### Exercise aim
Report back every line in the data that includes the string "Casual".

### Dataset excerpts
%%

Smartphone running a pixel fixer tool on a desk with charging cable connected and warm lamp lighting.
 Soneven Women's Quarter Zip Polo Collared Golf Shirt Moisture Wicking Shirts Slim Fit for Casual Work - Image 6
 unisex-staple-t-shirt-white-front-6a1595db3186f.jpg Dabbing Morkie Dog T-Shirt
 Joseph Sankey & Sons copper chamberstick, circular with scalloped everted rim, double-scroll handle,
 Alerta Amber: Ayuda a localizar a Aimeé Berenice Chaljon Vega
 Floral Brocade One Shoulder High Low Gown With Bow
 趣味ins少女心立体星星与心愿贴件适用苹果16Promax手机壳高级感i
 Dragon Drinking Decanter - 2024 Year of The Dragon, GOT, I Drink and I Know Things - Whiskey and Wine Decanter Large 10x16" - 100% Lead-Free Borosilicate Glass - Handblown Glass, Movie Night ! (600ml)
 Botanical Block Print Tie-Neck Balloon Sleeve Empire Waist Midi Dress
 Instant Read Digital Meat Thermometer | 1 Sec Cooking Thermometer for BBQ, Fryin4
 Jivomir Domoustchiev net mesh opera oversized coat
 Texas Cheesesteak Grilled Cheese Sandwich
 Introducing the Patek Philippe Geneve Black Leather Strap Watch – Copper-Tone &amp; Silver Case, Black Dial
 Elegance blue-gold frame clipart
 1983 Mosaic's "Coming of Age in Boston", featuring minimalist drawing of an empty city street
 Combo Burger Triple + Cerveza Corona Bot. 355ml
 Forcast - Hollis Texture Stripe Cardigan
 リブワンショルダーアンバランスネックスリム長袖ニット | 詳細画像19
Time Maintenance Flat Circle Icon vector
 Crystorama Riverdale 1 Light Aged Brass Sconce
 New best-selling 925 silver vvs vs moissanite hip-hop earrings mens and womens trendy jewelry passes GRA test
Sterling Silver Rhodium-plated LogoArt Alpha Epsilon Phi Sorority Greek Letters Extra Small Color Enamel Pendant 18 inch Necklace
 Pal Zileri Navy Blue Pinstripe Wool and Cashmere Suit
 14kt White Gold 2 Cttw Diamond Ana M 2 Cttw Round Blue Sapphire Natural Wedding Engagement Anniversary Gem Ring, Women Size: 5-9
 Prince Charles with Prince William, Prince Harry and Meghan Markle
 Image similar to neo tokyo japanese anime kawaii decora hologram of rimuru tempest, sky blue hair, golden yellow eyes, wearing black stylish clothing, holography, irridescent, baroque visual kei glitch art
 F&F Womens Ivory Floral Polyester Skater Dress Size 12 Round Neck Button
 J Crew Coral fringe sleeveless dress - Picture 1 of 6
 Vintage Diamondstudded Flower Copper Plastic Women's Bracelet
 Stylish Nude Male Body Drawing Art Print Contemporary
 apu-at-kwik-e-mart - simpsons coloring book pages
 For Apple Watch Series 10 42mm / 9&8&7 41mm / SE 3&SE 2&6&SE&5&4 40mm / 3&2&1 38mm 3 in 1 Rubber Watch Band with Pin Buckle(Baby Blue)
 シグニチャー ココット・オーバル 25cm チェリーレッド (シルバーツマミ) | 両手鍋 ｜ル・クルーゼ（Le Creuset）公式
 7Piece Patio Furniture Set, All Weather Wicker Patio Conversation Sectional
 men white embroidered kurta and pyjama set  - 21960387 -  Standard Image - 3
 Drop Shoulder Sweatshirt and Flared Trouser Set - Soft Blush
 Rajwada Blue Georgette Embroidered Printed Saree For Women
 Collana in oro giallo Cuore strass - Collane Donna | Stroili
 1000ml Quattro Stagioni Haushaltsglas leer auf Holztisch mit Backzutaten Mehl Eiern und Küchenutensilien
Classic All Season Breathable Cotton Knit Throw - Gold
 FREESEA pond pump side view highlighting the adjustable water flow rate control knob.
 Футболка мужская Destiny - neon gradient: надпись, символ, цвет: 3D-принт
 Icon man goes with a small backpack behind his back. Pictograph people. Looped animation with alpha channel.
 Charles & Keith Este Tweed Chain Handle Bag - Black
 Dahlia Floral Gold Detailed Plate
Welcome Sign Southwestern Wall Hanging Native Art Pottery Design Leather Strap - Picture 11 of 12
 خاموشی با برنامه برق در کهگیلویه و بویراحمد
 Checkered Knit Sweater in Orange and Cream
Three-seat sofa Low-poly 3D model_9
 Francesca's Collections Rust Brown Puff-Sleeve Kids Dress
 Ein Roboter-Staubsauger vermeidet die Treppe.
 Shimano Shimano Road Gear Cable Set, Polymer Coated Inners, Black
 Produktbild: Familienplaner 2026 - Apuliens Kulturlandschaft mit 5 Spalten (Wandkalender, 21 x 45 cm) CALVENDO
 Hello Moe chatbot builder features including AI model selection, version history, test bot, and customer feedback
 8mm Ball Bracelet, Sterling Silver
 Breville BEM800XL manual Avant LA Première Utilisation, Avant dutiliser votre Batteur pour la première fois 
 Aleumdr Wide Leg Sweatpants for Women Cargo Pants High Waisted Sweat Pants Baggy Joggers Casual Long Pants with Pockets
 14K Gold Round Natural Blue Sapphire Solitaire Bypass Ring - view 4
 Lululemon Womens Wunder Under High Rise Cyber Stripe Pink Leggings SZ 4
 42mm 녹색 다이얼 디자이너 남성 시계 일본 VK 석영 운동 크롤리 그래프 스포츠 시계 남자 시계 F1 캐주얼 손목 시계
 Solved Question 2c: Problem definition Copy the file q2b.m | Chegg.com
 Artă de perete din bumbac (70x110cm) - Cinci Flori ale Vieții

%%

### Exercise result
 Soneven Women's Quarter Zip Polo Collared Golf Shirt Moisture Wicking Shirts Slim Fit for Casual Work - Image 6
 Aleumdr Wide Leg Sweatpants for Women Cargo Pants High Waisted Sweat Pants Baggy Joggers Casual Long Pants with Pockets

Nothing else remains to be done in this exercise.